Another Example. Let X_j be 1 or -1 with equal likelihood. Let N = 3 if S_2 = 2, and N = 2 otherwise. (This is the case where I play 2 rounds for sure, but only play a 3rd if I won both the first two.) In this case,

P(N = 3, X_3 = 1) = P(Z_N = 3/sqrt{3}) = 1/8
P(N = 3, X_3 = -1) = P(Z_N = 1/sqrt{3}) = 1/8
P(N = 2, S_2 = 0) = P(Z_N = 0) = 1/2
P(N = 2, S_2 = -2) = P(Z_N = -2/sqrt{2}) = 1/4

Hence,

E[(Z_N)^2] = 3(1/8) + (1/3)(1/8) + 2(1/4) = 11/12.

Therefore, Var(Z_N) <= E[(Z_N)^2] < 1.

A Stronger Conjecture. Is it always the case that E[(Z_N)^2] <= 1?

An Observation. If N is independent of the sequence X_1, X_2, ..., then E[(Z_N)^2] = 1.

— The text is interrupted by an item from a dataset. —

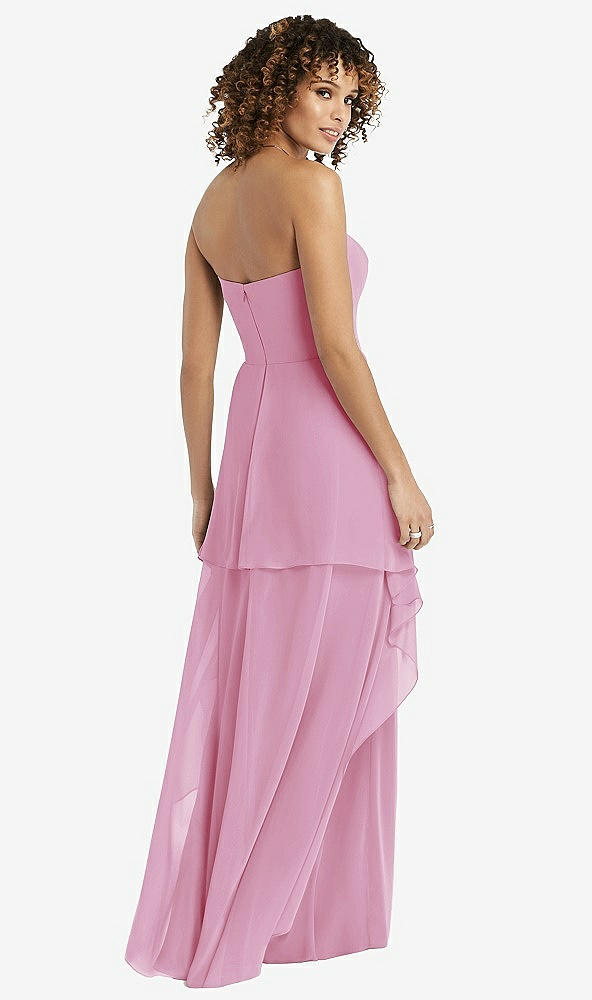 Back View - Powder Pink Strapless Chiffon Dress with Skirt Overlay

A Connection to Poker. Imagine that X_j is the result of the j-th hand of poker by a break-even player; S_n is the result of his session, which is n hands long. If this player tries to estimate his standard deviation using his session results (rather than his per-hand results), then Z_n will be a term that appears in that estimate.

In order for his estimate to be unbiased, it is important that E[(Z_n)^2] be equal to his true per-hand variance, which is 1. This will be true if n is not random, or if n is random but independent of his results X_j. But if his session lengths depend on the results of his play, then this will not be true and his estimate will be biased. The conjecture is that it is always biased in one direction. That is, he will always compute a standard deviation which is lower than his true standard deviation.

Both myself and another poster have observed this phenomenon in practice. The SD computed by PT (which is computed using session results) is consistently lower than the SD one gets when one estimates directly from the per-hand data (using Excel or MATLAB, for example).